Language of instruction

Czech, English

Completion

Credit+Examination

Time span

  • 39 hrs lectures
  • 13 hrs projects

Department

Subject specific learning outcomes and competences

Students are acquainted with the basic principles of operating systems (with emphasis on the UNIX operating system) and they understand the influence of operating systems upon the operation of complex computing systems. Students are able to exploit scripts for solving various tasks in a UNIX-based environment.

Learning objectives

The goal is to acquaint students with the principles of operating systems in general and with the basic concepts of the UNIX operating system.

Recommended prerequisites

Prerequisite knowledge and skills

A basic knowledge of programming in C.

Syllabus of lectures

  1. Introduction. Evolution of computers and operating systems (OS). Requirements on OS, classification of OS, standards. The basic terminology and the general structure of OS.
  2. The UNIX operating system. The history and the most important development branches. The basic principles and structure of UNIX. The structure of the UNIX kernel, its interface and the different forms of communication with the kernel.
  3. UNIX shell. Basic commands, programs, scripts. Special symbols. Input/output redirection, pipes, background processes, sub-shell. Variables, control structures.
  4. A basic introduction to programming in UNIX. Languages, compilers, principles of linking programs, dynamically linked libraries. Principles of the X-Window graphical user interface.
  5. Standard utilities of UNIX.
  6. File systems. The physical and logical structure of disks. Types of files, i-nodes, storing files on a disk.
  7. Access rights to files in UNIX, users and groups, the suid and sgid attributes, the typical structure of directories in a UNIX system.
  8. Input and output. The corresponding kernel services. Data structures and algorithms used by the input/output subsystem of the kernel.
  9. Management of processes. Loading the system, the init process. Fork, exec, exit, and wait calls. States of processes, scheduling.
  10. Memory management.
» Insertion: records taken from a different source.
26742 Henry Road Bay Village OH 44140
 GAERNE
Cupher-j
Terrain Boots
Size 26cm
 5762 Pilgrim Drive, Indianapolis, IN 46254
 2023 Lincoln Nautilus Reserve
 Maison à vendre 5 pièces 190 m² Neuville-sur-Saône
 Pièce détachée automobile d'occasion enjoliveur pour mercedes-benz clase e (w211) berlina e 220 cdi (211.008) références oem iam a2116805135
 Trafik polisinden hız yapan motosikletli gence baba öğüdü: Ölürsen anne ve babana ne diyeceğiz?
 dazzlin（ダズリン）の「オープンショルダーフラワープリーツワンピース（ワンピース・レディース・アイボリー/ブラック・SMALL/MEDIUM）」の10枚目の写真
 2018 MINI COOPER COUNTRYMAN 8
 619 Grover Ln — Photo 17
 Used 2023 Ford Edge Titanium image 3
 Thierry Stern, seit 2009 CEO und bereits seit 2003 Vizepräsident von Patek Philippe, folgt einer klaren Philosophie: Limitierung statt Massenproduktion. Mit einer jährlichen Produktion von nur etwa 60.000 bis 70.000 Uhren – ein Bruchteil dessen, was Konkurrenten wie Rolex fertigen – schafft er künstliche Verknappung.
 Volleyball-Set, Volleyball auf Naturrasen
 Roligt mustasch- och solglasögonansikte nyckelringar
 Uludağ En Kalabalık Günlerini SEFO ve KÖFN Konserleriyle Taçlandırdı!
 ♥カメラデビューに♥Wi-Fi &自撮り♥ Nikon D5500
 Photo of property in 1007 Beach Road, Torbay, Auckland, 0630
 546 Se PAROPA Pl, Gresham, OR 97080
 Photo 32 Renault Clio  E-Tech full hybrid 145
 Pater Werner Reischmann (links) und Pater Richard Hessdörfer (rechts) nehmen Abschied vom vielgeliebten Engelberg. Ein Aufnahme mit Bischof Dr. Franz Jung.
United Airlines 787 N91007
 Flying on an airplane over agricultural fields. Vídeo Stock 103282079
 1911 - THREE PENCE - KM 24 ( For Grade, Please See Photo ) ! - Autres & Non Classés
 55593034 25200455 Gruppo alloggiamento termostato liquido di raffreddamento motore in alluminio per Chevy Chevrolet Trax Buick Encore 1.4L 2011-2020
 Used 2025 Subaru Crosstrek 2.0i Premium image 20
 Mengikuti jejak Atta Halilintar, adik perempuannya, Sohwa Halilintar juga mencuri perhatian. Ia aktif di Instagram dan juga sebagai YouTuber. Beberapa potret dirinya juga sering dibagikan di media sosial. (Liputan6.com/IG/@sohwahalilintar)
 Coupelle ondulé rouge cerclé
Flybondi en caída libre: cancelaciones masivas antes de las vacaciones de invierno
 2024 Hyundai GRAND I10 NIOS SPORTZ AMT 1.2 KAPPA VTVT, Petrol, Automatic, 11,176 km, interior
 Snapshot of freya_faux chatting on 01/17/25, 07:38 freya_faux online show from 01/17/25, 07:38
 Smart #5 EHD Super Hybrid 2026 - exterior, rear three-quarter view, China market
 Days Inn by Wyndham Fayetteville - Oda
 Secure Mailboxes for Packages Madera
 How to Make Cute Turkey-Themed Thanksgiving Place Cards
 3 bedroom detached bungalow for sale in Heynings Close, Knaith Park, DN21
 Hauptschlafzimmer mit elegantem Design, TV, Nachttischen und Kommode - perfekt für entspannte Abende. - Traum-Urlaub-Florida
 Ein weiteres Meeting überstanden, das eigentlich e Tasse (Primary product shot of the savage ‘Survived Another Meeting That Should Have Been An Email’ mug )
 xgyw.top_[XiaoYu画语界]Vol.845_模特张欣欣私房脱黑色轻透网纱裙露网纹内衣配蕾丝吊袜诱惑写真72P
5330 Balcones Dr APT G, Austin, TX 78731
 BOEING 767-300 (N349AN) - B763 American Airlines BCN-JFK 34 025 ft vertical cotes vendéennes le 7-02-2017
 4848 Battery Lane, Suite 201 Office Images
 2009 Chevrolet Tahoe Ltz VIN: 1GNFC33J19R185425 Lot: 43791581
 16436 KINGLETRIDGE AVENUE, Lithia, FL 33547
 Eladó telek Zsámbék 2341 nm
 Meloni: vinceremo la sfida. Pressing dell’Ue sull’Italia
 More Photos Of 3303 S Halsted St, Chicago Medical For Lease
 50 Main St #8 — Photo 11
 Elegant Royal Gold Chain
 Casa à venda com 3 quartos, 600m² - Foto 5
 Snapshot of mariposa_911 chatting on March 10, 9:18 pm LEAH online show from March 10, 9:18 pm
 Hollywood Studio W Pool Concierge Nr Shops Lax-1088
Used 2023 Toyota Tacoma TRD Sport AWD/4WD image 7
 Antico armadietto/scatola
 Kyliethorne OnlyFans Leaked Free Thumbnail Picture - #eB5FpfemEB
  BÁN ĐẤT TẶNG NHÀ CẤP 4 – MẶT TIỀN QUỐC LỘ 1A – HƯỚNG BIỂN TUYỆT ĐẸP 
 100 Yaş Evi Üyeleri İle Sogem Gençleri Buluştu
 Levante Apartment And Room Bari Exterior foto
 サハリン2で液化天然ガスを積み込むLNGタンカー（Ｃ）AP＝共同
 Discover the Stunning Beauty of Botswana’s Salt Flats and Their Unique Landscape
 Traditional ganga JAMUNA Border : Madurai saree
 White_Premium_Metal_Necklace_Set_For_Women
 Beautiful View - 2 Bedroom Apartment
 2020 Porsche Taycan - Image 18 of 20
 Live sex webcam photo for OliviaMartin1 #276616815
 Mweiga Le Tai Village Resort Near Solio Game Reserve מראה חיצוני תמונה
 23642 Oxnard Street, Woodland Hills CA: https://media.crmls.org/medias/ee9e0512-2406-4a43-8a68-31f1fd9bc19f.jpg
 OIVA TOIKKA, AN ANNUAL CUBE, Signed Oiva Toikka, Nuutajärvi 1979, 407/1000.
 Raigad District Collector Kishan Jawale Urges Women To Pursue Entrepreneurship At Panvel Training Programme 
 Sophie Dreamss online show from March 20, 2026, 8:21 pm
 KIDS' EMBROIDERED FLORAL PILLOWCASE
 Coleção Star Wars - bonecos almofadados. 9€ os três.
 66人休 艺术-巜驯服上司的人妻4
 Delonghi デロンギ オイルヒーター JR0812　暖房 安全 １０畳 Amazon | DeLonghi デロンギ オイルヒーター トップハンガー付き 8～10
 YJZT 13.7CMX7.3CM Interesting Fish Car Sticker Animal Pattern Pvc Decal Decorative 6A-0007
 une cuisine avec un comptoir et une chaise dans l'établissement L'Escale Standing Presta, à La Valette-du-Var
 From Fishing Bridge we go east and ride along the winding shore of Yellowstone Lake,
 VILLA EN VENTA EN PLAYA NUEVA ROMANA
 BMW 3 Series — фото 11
Address spaces, address translation, memory pages.
  11. Virtual memory.
  12. Mutual exclusion, semaphores and other synchronization means.
  13. Typical synchronization tasks, deadlocks, starvation.

Progress assessment

The minimal total score of 15 points gained out of the home assignements.

Controlled instruction

  • Solving two individual home assignments, a combined final exam.
  • The minimal number of points which must be obtained from the final exam is 32. Otherwise, no points will be assigned to a student.